Date: Thu, 11 Apr 2013 15:55:46 +0900
From: Minchan Kim <minchan@kernel.org>
To: KOSAKI Motohiro <kosaki.motohiro@gmail.com>
Cc: linux-mm@kvack.org, linux-kernel@vger.kernel.org,
        Michael Kerrisk <mtk.manpages@gmail.com>, Arun Sharma <asharma@fb.com>,
        John Stultz <john.stultz@linaro.org>, Mel Gorman <mel@csn.ul.ie>,
        Hugh Dickins <hughd@google.com>, Dave Hansen <dave@linux.vnet.ibm.com>,
        Rik van Riel <riel@redhat.com>, Neil Brown <neilb@suse.de>,
        Mike Hommey <mh@glandium.org>, Taras Glek <tglek@mozilla.com>,
        KOSAKI Motohiro <kosaki.motohiro@jp.fujitsu.com>,
        KAMEZAWA Hiroyuki <kamezawa.hiroyu@jp.fujitsu.com>,
        Jason Evans <je@fb.com>, sanjay@google.com,
        Paul Turner <pjt@google.com>, Johannes Weiner <hannes@cmpxchg.org>,
        Michel Lespinasse <walken@google.com>,
        Andrew Morton <akpm@linux-foundation.org>
Subject: Re: [RFC v7 00/11] Support vrange for anonymous page
Message-ID: <20130411065546.GA10303@blaptop>
References: <1363073915-25000-1-git-send-email-minchan@kernel.org>
 <5165CA22.6080808@gmail.com>
MIME-Version: 1.0
Content-Type: text/plain; charset=us-ascii
Content-Disposition: inline
In-Reply-To: <5165CA22.6080808@gmail.com>
User-Agent: Mutt/1.5.21 (2010-09-15)
Sender: linux-kernel-owner@vger.kernel.org
Content-Length: 8911
Lines: 244

On Wed, Apr 10, 2013 at 04:22:58PM -0400, KOSAKI Motohiro wrote:
> (3/12/13 3:38 AM), Minchan Kim wrote:
> > First of all, let's define the term.
> > From now on, I'd like to call it as vrange(a.k.a volatile range)

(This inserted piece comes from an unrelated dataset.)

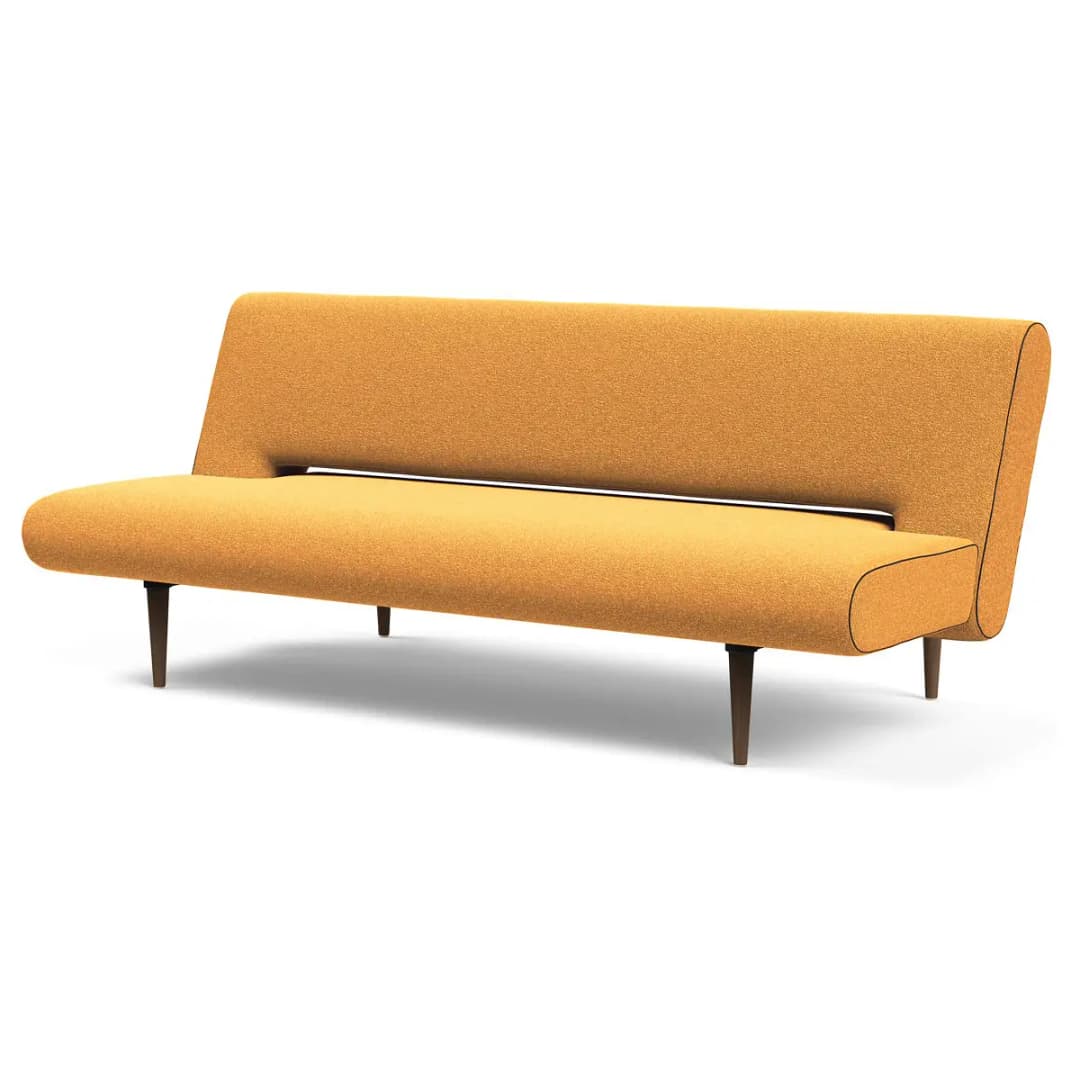 Schlafsofa II | Gelb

> > for anonymous page. If you have a better name in mind, please suggest.
> > 
> > This version is still *RFC* because it's just quick prototype so
> > it doesn't support THP/HugeTLB/KSM and even couldn't build on !x86.

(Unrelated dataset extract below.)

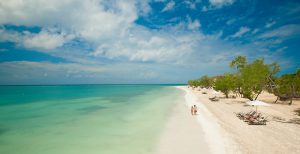 Sandals Whitehouse European Village Jamaika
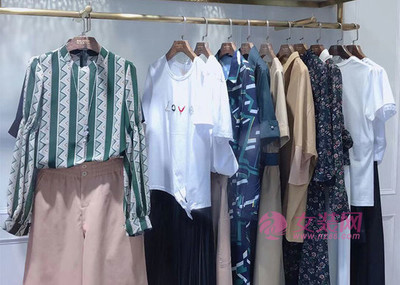 浙江最大的服装批发市场地址与服装服饰批发概览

> > Before further sorting out issues, I'd like to post current direction
> > and discuss it. Of course, I'd like to extend this discussion in
> > comming LSF/MM.
> > 
> > In this version, I changed lots of thing, expecially removed vma-based
> > approach because it needs write-side lock for mmap_sem, which will drop
> > performance in mutli-threaded big SMP system, KOSAKI pointed out.
> > And vma-based approach is hard to meet requirement of new system call by
> > John Stultz's suggested semantic for consistent purged handling.

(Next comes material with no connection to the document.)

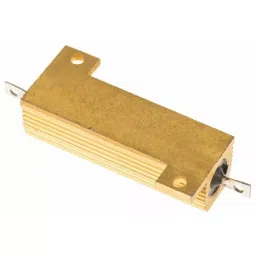 Arcol 150 mΩ 50W Wire Wound Chassis Mount Resistor ±5%, HS50 R15 J image 2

> > (http://linux-kernel.2935.n7.nabble.com/RFC-v5-0-8-Support-volatile-for-anonymous-range-tt575773.html#none)
> > 
> > I tested this patchset with modified jemalloc allocator which was
> > leaded by Jason Evans(jemalloc author) who was interest in this feature
> > and was happy to port his allocator to use new system call.
> > Super Thanks Jason!
> > 
> > The benchmark for test is ebizzy. It have been used for testing the
> > allocator performance so it's good for me. Again, thanks for recommending
> > the benchmark, Jason.
> > (http://people.freebsd.org/~kris/scaling/ebizzy.html)
> > 
> > The result is good on my machine (12 CPU, 1.2GHz, DRAM 2G)
> > 
> > 	ebizzy -S 20
> > 
> > jemalloc-vanilla: 52389 records/sec
> > jemalloc-vrange: 203414 records/sec
> > 
> > 	ebizzy -S 20 with background memory pressure
> > 
> > jemalloc-vanilla: 40746 records/sec
> > jemalloc-vrange: 174910 records/sec
> > 
> > And it's much improved on KVM virtual machine.
> > 
> > This patchset is based on v3.9-rc2
> > 
> > - What's the sys_vrange(addr, length, mode, behavior)?
> > 
> >   It's a hint that user deliver to kernel so kernel can *discard*
> >   pages in a range anytime. mode is one of VRANGE_VOLATILE and
> >   VRANGE_NOVOLATILE. VRANGE_NOVOLATILE is memory pin operation so
> >   kernel coudn't discard any pages any more while VRANGE_VOLATILE
> >   is memory unpin opeartion so kernel can discard pages in vrange
> >   anytime. At a moment, behavior is one of VRANGE_FULL and VRANGE
> >   PARTIAL. VRANGE_FULL tell kernel that once kernel decide to
> >   discard page in a vrange, please, discard all of pages in a
> >   vrange selected by victim vrange. VRANGE_PARTIAL tell kernel
> >   that please discard of some pages in a vrange. But now I didn't
> >   implemented VRANGE_PARTIAL handling yet.
> > 
> > - What happens if user access page(ie, virtual address) discarded
> >   by kernel?
> > 
> >   The user can encounter SIGBUS.
> > 
> > - What should user do for avoding SIGBUS?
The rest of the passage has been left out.